Last week, I concluded the column "The Consequences of GDP Targeting" with an admonition to "get in the habit of checking the Fed's H8 report every Friday afternoon." Let me explain today why, and how, you should do just that.
The Federal Reserve releases the H8, a report outlining the assets and liabilities of commercial banks, every Friday afternoon around 4:30 p.m. Eastern time. What's most important about the timing is it's after the markets have closed for the week, thus it gets very little attention from the business media.
The report, however, provides a wealth of data on bank lending patterns that can be used to create information and provide guidance on the trajectory for the real economy, unfiltered by pundits. It can also raise questions that are difficult to answer.
Before explaining how to read the report, here's a quick synopsis of an economic cycle that's important to remember when reading the data.
All economic activity in the U.S. is led by consumption, which represents roughly 70% of GDP. If consumers consume, everything else follows: bank lending, job creation and general economic activity all rise as companies move to meet and compete for consumer demand.
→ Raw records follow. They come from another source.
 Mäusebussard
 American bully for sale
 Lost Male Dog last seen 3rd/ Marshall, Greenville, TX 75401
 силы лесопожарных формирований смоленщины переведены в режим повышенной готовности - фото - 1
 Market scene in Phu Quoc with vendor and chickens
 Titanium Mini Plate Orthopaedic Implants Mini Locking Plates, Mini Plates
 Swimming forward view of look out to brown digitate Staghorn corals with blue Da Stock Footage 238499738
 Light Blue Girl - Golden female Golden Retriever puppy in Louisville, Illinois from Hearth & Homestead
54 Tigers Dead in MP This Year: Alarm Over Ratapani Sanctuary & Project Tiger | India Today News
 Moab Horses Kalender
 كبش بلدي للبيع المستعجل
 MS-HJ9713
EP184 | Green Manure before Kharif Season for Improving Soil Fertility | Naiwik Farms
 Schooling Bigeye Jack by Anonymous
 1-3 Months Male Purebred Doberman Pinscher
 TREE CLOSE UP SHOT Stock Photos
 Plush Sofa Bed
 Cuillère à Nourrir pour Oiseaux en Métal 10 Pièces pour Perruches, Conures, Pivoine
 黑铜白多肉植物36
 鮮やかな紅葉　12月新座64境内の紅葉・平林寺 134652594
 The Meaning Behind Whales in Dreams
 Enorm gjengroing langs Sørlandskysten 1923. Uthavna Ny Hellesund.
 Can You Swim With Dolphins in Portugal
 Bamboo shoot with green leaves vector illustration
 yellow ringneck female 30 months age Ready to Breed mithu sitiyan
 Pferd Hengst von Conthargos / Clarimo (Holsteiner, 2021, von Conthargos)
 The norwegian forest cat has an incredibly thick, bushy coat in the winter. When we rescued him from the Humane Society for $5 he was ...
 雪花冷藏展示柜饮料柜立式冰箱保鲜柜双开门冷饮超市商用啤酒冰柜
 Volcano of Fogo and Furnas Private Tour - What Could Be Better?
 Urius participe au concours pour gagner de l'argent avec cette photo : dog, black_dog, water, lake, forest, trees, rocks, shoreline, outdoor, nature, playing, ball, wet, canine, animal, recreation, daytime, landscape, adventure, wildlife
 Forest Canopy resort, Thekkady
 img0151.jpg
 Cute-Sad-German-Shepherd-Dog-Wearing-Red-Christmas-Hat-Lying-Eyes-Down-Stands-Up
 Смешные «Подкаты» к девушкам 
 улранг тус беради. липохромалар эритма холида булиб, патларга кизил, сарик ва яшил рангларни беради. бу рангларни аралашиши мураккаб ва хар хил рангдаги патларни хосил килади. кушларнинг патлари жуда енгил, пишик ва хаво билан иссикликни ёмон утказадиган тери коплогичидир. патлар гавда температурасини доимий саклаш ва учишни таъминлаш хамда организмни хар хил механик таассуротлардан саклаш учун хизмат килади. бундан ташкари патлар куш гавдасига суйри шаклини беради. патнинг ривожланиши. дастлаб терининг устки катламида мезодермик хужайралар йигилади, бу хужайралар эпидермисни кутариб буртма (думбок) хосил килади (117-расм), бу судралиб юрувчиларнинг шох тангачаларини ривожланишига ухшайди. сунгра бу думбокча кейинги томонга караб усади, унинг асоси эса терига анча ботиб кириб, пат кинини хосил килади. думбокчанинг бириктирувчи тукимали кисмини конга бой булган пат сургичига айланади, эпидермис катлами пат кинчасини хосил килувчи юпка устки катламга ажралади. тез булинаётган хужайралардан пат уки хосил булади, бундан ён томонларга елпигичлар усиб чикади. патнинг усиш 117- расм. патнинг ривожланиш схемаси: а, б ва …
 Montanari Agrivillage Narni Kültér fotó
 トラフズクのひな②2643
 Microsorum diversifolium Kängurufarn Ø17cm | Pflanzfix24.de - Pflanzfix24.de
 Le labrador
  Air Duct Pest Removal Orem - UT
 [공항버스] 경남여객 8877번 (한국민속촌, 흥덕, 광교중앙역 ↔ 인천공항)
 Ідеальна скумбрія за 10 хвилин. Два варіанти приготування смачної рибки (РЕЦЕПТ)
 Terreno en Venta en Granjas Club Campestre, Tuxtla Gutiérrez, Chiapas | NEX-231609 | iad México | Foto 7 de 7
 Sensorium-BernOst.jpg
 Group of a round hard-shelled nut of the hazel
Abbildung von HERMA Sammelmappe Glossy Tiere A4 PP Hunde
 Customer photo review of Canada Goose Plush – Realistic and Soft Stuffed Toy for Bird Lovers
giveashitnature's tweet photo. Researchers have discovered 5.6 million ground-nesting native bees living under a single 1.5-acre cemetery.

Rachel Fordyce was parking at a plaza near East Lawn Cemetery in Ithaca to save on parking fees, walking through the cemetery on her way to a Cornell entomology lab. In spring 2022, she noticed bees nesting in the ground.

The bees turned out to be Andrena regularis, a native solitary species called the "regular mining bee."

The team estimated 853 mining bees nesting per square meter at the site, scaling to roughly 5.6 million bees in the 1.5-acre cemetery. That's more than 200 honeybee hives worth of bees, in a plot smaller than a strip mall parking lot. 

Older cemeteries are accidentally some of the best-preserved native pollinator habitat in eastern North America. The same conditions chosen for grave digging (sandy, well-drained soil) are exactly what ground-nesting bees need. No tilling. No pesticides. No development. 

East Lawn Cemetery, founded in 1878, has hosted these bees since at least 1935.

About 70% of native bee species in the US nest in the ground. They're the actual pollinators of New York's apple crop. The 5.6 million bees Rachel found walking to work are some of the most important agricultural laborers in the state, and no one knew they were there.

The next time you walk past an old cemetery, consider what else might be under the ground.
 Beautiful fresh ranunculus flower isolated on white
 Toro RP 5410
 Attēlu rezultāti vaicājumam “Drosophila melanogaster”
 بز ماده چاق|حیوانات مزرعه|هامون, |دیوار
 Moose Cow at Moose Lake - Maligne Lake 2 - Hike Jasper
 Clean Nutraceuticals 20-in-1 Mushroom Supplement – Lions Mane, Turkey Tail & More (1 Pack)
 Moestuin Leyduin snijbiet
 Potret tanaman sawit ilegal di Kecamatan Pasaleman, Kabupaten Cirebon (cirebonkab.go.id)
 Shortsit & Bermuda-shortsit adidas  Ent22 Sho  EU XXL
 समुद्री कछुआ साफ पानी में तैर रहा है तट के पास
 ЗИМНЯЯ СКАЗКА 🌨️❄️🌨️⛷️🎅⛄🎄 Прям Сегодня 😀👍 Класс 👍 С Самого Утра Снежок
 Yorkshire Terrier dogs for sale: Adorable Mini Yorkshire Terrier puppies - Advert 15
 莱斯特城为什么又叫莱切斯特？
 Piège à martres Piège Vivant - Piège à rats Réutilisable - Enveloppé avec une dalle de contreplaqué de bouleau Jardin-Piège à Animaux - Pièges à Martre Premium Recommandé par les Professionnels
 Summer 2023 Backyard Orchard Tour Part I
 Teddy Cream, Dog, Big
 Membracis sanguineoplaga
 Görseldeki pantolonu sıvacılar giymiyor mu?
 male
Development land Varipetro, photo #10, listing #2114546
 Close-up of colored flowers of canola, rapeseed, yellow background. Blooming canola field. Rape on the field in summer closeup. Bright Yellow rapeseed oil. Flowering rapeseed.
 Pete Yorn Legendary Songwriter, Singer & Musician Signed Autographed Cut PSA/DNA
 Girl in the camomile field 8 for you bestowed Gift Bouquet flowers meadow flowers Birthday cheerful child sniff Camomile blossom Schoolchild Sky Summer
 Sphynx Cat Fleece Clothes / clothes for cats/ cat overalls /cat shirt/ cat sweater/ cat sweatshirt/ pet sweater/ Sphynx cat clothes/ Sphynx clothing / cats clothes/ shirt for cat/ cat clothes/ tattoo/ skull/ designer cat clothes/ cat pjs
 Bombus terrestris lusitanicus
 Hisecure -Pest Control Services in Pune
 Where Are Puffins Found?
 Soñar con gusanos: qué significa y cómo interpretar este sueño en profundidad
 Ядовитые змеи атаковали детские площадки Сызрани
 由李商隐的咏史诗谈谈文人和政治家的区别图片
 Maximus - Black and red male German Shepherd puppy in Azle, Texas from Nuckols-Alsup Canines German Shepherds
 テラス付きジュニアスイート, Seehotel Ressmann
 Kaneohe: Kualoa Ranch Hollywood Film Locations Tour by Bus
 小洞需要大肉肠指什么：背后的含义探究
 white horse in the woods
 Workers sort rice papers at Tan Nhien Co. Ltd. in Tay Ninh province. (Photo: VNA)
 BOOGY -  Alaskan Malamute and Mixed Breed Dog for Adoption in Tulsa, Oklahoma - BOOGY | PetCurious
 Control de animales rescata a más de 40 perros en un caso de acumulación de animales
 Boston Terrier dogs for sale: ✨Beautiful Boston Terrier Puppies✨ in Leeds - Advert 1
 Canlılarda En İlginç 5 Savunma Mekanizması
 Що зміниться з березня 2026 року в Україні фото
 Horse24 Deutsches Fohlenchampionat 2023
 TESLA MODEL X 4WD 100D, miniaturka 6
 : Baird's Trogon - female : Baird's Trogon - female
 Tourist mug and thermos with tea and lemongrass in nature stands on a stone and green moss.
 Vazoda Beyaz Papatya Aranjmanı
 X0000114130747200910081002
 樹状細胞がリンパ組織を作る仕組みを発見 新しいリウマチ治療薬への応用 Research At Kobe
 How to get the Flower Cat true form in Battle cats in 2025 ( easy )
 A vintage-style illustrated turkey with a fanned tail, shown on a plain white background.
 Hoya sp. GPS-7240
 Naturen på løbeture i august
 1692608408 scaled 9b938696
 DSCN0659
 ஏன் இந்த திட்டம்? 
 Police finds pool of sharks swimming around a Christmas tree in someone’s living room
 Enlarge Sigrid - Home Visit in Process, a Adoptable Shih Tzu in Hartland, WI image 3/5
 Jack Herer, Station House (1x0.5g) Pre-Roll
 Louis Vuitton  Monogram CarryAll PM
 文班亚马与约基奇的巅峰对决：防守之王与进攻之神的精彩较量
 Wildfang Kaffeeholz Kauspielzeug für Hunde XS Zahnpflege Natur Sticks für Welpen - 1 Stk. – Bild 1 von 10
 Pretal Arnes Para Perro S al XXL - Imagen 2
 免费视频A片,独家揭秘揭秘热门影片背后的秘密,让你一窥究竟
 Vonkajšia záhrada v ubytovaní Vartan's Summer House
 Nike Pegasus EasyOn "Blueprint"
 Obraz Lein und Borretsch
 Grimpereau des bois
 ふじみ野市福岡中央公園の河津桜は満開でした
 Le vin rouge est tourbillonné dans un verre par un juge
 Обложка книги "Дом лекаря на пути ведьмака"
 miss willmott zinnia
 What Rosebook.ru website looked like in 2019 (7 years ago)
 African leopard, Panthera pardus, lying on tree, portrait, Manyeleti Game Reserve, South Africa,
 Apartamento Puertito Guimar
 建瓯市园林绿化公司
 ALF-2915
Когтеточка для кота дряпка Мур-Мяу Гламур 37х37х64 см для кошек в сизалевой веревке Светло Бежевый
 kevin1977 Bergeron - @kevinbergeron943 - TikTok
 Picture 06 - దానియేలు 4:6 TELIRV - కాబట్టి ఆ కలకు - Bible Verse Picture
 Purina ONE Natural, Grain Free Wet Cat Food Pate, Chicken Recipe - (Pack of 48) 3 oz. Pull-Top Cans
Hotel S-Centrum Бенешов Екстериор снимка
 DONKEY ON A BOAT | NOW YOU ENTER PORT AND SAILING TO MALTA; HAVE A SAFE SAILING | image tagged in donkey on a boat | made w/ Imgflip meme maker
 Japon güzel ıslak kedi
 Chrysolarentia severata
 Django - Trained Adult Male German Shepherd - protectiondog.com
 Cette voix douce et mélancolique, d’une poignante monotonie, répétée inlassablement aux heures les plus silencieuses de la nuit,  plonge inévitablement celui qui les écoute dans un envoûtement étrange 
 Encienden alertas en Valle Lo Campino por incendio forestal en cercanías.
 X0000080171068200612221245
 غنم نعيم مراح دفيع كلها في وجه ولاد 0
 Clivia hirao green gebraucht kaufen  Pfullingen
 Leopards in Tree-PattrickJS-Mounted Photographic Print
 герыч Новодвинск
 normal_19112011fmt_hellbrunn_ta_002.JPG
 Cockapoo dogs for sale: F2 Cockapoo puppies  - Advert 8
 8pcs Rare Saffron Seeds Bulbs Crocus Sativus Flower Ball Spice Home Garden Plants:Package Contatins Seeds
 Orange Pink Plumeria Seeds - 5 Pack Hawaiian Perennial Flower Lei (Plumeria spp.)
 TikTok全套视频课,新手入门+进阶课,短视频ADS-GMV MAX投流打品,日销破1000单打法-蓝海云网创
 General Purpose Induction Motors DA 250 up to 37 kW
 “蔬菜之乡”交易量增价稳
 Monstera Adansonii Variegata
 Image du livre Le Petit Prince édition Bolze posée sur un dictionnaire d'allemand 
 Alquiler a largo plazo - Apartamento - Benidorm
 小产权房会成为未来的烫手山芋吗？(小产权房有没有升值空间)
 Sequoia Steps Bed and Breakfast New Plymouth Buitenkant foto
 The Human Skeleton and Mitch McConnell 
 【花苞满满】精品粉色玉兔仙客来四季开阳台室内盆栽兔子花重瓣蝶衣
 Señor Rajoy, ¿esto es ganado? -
This is the virtuous cycle.
The reverse is also true. If consumers slow or decrease spending, companies will not borrow or create jobs and economic activity will languish. This is the vicious cycle. Both cycles are part of the economic cycle.
All this is debatable at the margin, but you have to have a set of guidelines with which to judge data, create information and interpret what the data indicate.
Now, on to the report. It's a consolidated review of the balance sheets of commercial banks in the U.S. -- what kinds of deposits they hold and what kinds of loans they are make. In keeping with the consumer's lead outlined above, the first thing we want to do is locate the line items associated with consumer loans.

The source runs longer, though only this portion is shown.